Em 2019, chegaram ao Portal da Queixa mais de 3400 casos de burla, mais 13% do que em 2018, ano em que pouco ultrapassavam três mil. E a avaliar pelos números do início de ano as ocorrências não dão sinais de abrandamento. «Em Janeiro de 2020, já recebemos 330 reclamações sobre este tema, um aumento de 19%, comparativamente às 277 registadas em Janeiro do ano passado», revelou Pedro Lourenço, CEO do Portal da Queixa, ao “Diário de Notícias” (DN).

«Todos os dias recebemos em média dez casos relacionados com burlas ou esquemas de fraude que lesam os consumidores», diz Pedro Lourenço ao “DN”. «O sector mais fustigado com este tipo de reclamações continua a ser o das telecomunicações, onde as fraudes com SMS e burlas com vendas agressivas de contratos de TV e internet são as mais recorrentes, com 593 reclamações em 2019», relata.

Desde compras em plataformas em que se faz negócio entre particulares – e cujo envio por correio obriga ao pagamento antes da abertura da encomenda -, a falsos inquéritos de satisfação com a promessa de prémios ou vouchers que no fim de contas são subscrições de SMS de valor acrescentado, passando por burlas porta-a-porta ou por telefone, para a contratação de serviços de electricidade, televisão ou Internet.
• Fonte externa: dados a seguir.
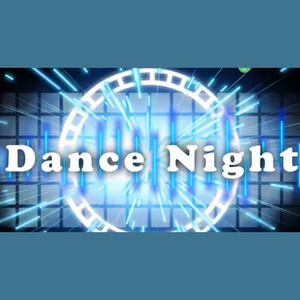 DANCE NIGHT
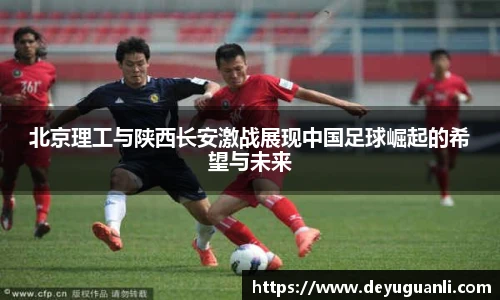 球速体育北京理工与陕西长安激战展现中国足球崛起的希望与未来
A imaginação dos burlões não tem limites. Maria viu num portal de vendas em segunda-mão uma Bimby por 450 euros, mas quando abriu a caixa encontrou apenas papéis e um garrafão de água. O caso remonta a 2013.
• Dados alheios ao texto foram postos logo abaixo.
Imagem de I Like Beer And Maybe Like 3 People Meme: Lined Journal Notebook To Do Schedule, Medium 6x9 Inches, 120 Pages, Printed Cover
«A principal forma de o consumidor se proteger contra um esquema de fraude ou burla é efectuar pesquisas antes de comprar”, alerta Pedro Lourenço. “Existirá sempre informação, tanto de outros consumidores, que pela partilha das suas experiências alertam para estes esquemas, quanto junto das marcas ou de organismos de proteção aos consumidores», recomenda o CEO do Portal da Queixa.

No final de Janeiro, um consumidor que comprou online uma câmara de filmar de 43 euros e recebeu uma lupa de cinco euros. «Sendo as burlas na sua grande maioria feitas por particulares, será muito difícil o ressarcimento dos valores perdidos, mesmo após um processo criminal por denúncia junto das autoridades», aponta Pedro Lourenço, acrescentando que «é fundamental que a compra seja efectuada a uma entidade colectiva, onde seja possível identificar a sua morada e representantes legais, para possibilitar a recuperação de valores, mesmo que por via legal, com efeito de penhora».